Thread (24 messages) 24 messages, 6 authors, 2021-04-14

Re: [PATCH v7 0/6] x86: Improve Minimum Alternate Stack Size

From: Len Brown <lenb@kernel.org>
Date: 2021-03-19 18:13:46
Also in: linux-arch, lkml

On Wed, Mar 17, 2021 at 6:45 AM Ingo Molnar [off-list ref] wrote:

* Ingo Molnar [off-list ref] wrote:
quoted
* Chang S. Bae [off-list ref] wrote:
quoted
During signal entry, the kernel pushes data onto the normal userspace
stack. On x86, the data pushed onto the user stack includes XSAVE state,
which has grown over time as new features and larger registers have been
added to the architecture.

MINSIGSTKSZ is a constant provided in the kernel signal.h headers and
typically distributed in lib-dev(el) packages, e.g. [1]. Its value is
compiled into programs and is part of the user/kernel ABI. The MINSIGSTKSZ
constant indicates to userspace how much data the kernel expects to push on
the user stack, [2][3].

However, this constant is much too small and does not reflect recent
additions to the architecture. For instance, when AVX-512 states are in
use, the signal frame size can be 3.5KB while MINSIGSTKSZ remains 2KB.

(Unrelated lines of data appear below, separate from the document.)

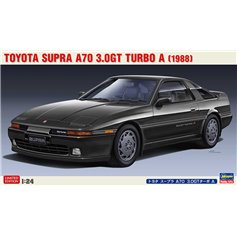 Hasegawa 1:24 Toyota Supra A70 3.0GT Turbo A - 1988 - LIMITED EDITION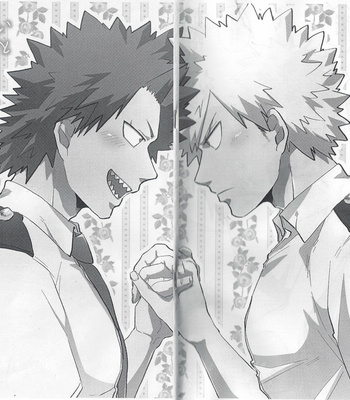 [Age Nasugorira] With My Darling Love – Boku No Hero Academia dj [Eng] – Gay Manga sex 2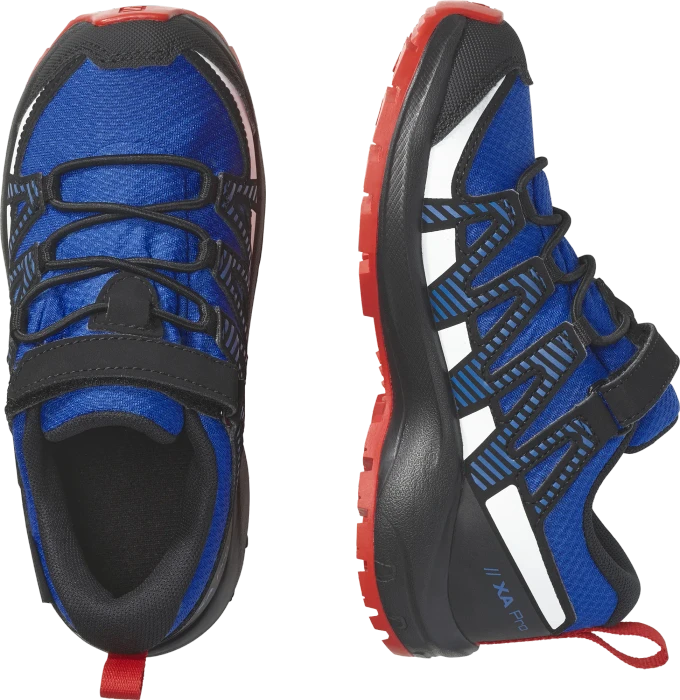 Salomon XA Pro V8 CSWP lapis blue/black/fiery red (Junior)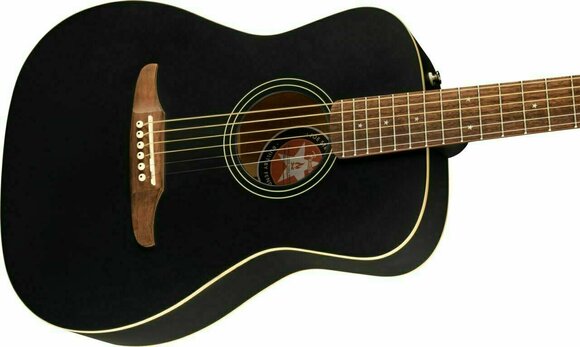 Elektro-akoestische gitaar Fender Joe Strummer Campfire WN - 4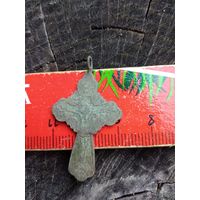 Крестик (24). Находка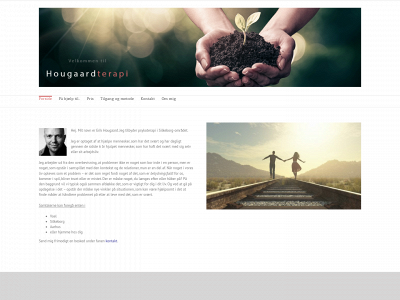 hougaardterapi.dk snapshot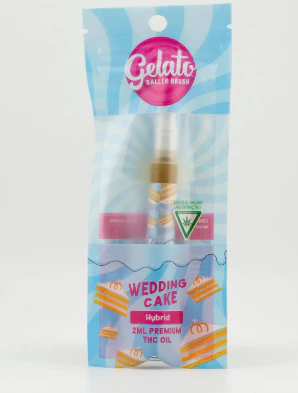 Gelato - GELATO | BALLER BRUSH WEDDING CAKE | EXTRACT | 2G Main Image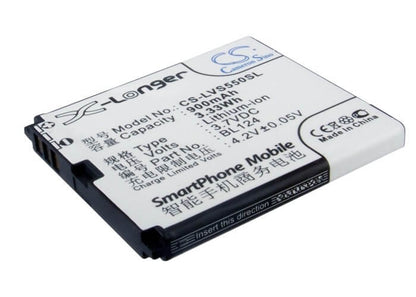 3.7V, 900mAh, Li-ion Battery fits Lenovo, P50, S550, 3.33Wh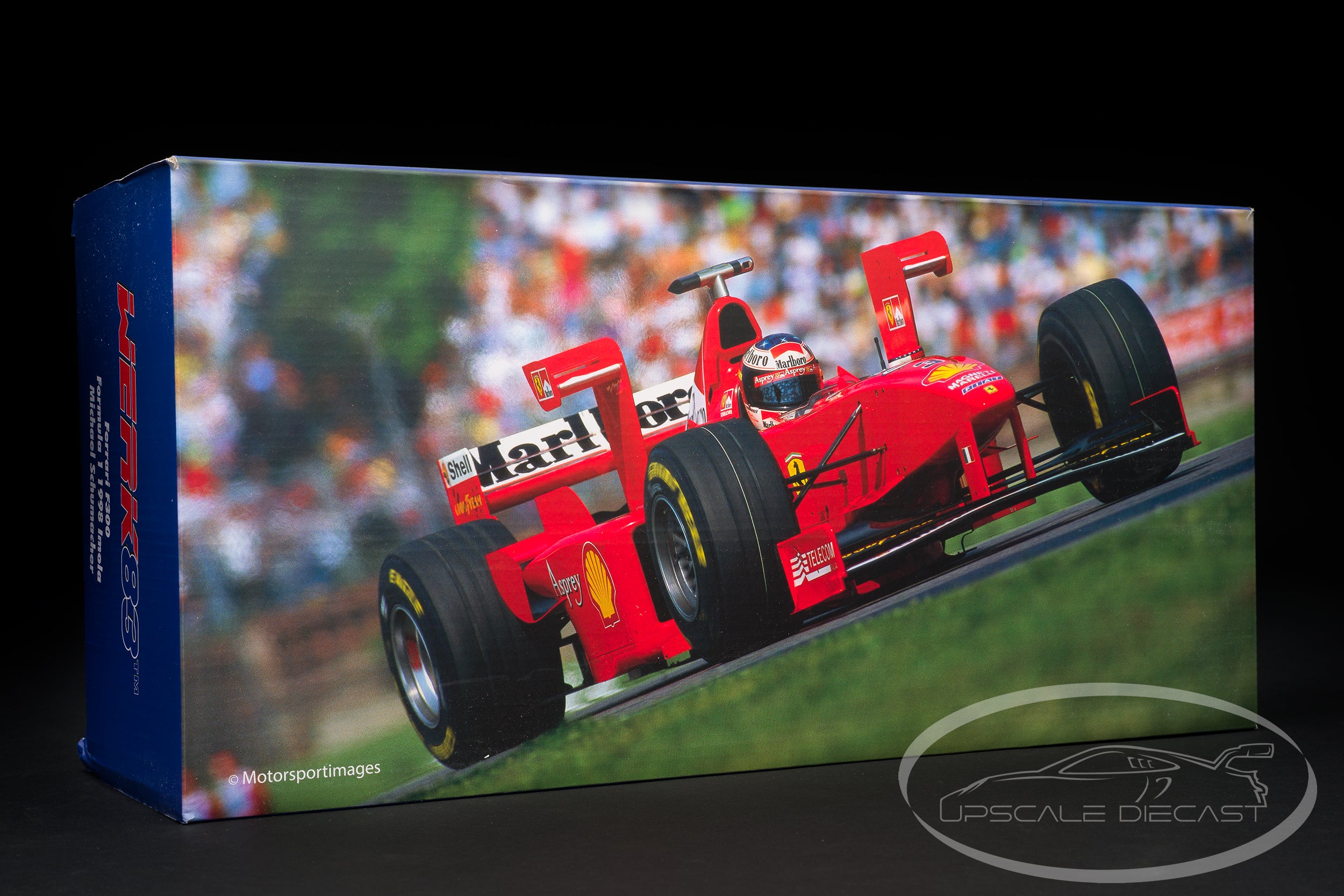 WERK83 1:12 Michael Schumacher Ferrari F300 Tower Wings No.3 Imola GP Formula 1 1998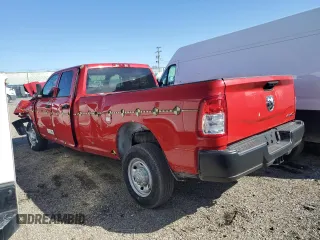 2020 Ram 2500 Tradesman with VIN 3C6UR5HJ8LG101165, listed as a Copart auction lot 48581235 with 19 mi miles and Non Repairable. Bid and sale history available at carsss.com. Image 2.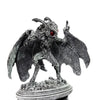 Mothman Statue, Hand Painted Resin Sculpture | Cryptozoology Creature Figurine | Urban Legend Moth Man Monster Figurine, Horror Art Decor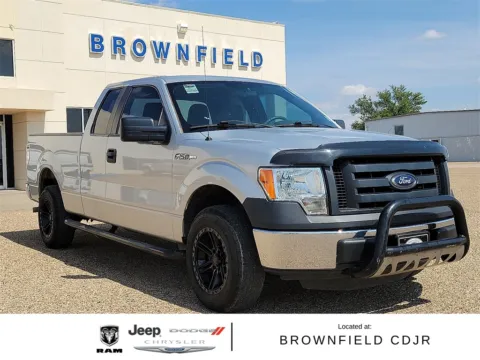 Silver 2012 Ford F-150 XL for sale in Brownfield, TX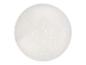Plat rond blanc avec un motif de petits points blancs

The bug report [4] explains this as an ABI issue. The small MINSIGSTKSZ can
cause user stack overflow when delivering a signal.
quoted
  uapi: Define the aux vector AT_MINSIGSTKSZ
  x86/signal: Introduce helpers to get the maximum signal frame size
  x86/elf: Support a new ELF aux vector AT_MINSIGSTKSZ
  selftest/sigaltstack: Use the AT_MINSIGSTKSZ aux vector if available
  x86/signal: Detect and prevent an alternate signal stack overflow
  selftest/x86/signal: Include test cases for validating sigaltstack
So this looks really complicated, is this justified?

Why not just internally round up sigaltstack size if it's too small?
This would be more robust, as it would fix applications that use
MINSIGSTKSZ but don't use the new AT_MINSIGSTKSZ facility.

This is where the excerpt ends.